Guerrero has endured several peaks and valleys over the past eight-plus years of his career. A pro since 17, the battle-tested Mexican overcame a rough start to his career and a poor showing in his first title challenge to slug his way back to the title picture. A narrow points loss to Raul Martinez in Nov. ’10 came with sweet revenge, scoring a convincing win – albeit in a cut-shortened bout – to capture a vacant title.
The reign was brief, losing his belt in his very next fight and then landing on the wrong end of history in his next title challenge. A disputed points loss to Daiki Kameda last September marked the first time ever that three brothers simultaneously reigned as major titlists.

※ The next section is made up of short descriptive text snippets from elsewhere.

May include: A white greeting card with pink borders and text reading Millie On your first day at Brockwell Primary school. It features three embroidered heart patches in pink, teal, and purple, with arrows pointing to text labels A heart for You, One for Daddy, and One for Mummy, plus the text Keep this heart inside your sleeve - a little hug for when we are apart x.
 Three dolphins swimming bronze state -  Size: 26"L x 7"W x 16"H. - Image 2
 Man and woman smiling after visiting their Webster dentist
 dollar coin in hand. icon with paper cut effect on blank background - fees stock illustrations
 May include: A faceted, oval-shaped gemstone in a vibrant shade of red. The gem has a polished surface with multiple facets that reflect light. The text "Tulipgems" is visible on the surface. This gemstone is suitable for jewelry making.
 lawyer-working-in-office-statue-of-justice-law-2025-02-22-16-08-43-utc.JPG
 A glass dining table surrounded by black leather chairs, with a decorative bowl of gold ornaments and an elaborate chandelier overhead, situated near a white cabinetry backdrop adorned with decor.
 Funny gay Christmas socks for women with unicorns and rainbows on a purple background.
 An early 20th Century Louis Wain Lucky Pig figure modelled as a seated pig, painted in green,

There was no title at stake or even the assurance of a title shot in Saturday’s fight with Rosas, but Guerrero fought as if his career was on the line. Perhaps it was, even at age 26 as he has been forced to work harder than most for everything he’s achieved.
That level of desire and willingness showed in the opening round, when Rosas was dropped hard and nearly taken out. Guerrero applied heavy pressure in the first couple of rounds, before Rosas was able to rally back in round three.
A deep cut over Rosas’ eye slowed his momentum in the fourth round, and perhaps played a factor in the fight, Guerrero didn’t show any mercy, pouring on the attack although Rosas was firing back plenty in return.
For boxing fans, the fight was one of the better entries in a weekend loaded with boxing action around the world. It’s doubtful that Rosas will be content with simply wearing that badge, as his days as an unbeaten fighter quickly came to an end. Guerrero had the rising young contender in considerable trouble before the fight was stopped in round seven.
Guerrero returns to the win column for the first time in nearly a year as his record improves to 20-5-1 (12KO). Perhaps another title fight is in store, or perhaps not. But the former champ can take great pride in knowing that such a fate is now completely out of the running for Rosas, who falls to 17-1-1 (10KO) in a fight that said a lot more about what he should have previously done than what he can potentially do.
TV AZTECA UNDERCARD
Javier Cifuentes' pro debut was nowhere nearly as memorable as his brother Jose, as he was stopped in four rounds by Luis Nery in their televised preliminary bout.
Nery looked every bit the part of an unbeaten prospect having his way with a debutant, boxing early and pouring on the power as the fight progressed. A series of left hooks lare in round four had Cifuentes in trouble, prompting the stoppage.
The official time was 2:10 of round four. Nery advances to 11-0 (7KO); Cifuentes is now 0-1 (0KO).
In the opening bout of the telecast, Naciff Castillo and debuting Jose Cifuentes fought to a six-round draw. Scores were 58-56 Castillo (17-5-2, 5KO), 58-56 Cifuentes (0-0-1, 0KO) and 57-57 even.